Naturally, as has become the norm when discussions arise about the future of business schools, the default question is: do business schools matter? Well, yes. To assume otherwise would be both short-sighted and reactionary. Yet business schools do need to change.
I was reminded of this recently during a series of chats with three colleagues, Alison Reid, head of personal and applied learning at GIBS, as well as research associate at GIBS, Dr. Philip Maxton, and leadership expert, Professor Karl Hofmeyr. Each of these faculty members is featured in or contributed a topical and relevant article to this edition of Acumen. Rather than talking about products and courses, these articles intend to share value-focused thinking that helps companies navigate new leadership paradigms, remain centred amidst shifting global sands and find a balance between digital and human-centred solutions. It is impact-focused insights like these that go a long way to changing embedded mindsets that business schools are ‘behind the times’, ‘slow to respond’ and ‘out of touch’. But there is much more we can still do.
There are several ways business schools can respond to this confluence of criticism and opportunity, including:
- Carefully and cleverly redesigning flagship courses and MBAs to address current leadership and business needs to adequately equip students for the future.
- Acknowledging the role business plays in addressing social change, diversity and transformation, and environmental sustainability, and then bringing these issues into the classroom.
- Integrating more practical interventions to support theoretical knowledge, using individual coaching and group-based action learning, supports students as they bring their newfound knowledge to bear within their own companies.
- Being open to drawing on other disciplines, new thinking and cutting-edge research – both from the developed and emerging worlds –to guard against a siloed approach to learning. Instead, the emphasis must be on dynamic, real-world impact.
- Broadening academic collaboration beyond the well-known northern hemisphere business schools to include fresh and dynamic voices from the emerging world, particularly Africa.
- Embracing educational technology through targeted investments and smart partnerships with EduTech players which are reshaping the higher education landscape.

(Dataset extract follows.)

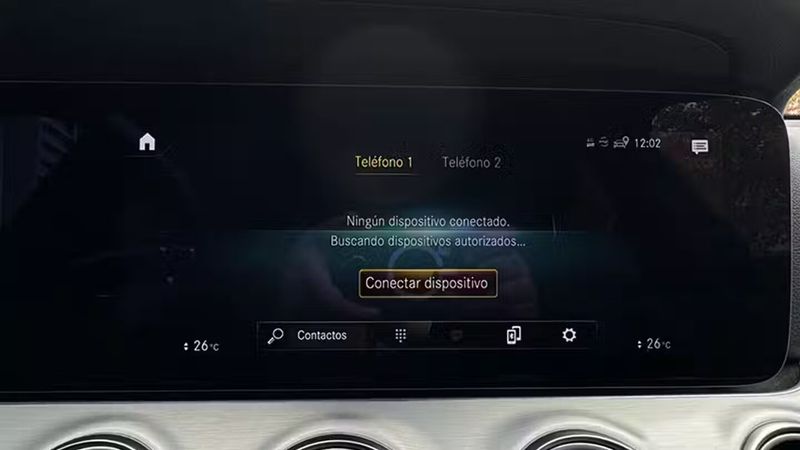 Mercedes-Benz E • 2020 • 115,784 km 12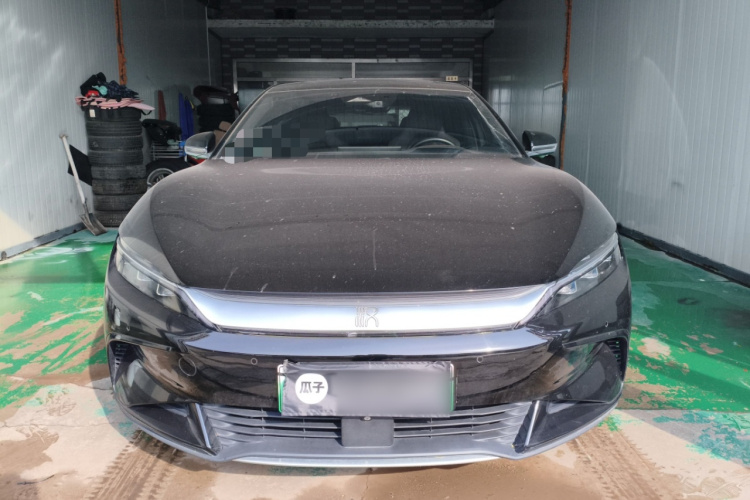 比亚迪 汉 2022款 EV 创世版 610KM四驱尊享型车身外观2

Steps like these are already being rolled out by some – but not all – of the leading business schools in the world, from Europe to the United States and China. GIBS, too, is part of this welcome disruption, which is contributing to a more inclusive approach to business and management education.
The reasons for this push were clearly articulated by the outgoing dean of Oxford’s Saïd Business School, Peter Tufano, in a recent article about American business schools during the Second World War. He said, “Leaders of business schools and other educational institutions have enjoyed decades of stability. Today, we confront a set of systemic global challenges, including a pandemic, severe economic weakness, heightened inequality, racial injustice, and a climate emergency. Taken together, these challenges redefine the environment in which we operate – and offer us an opportunity to reimagine our organisations.”
If business schools around the world embrace this season of change with openness, humility, honesty and empathy, we can look forward to many more years of business school relevance in business and society.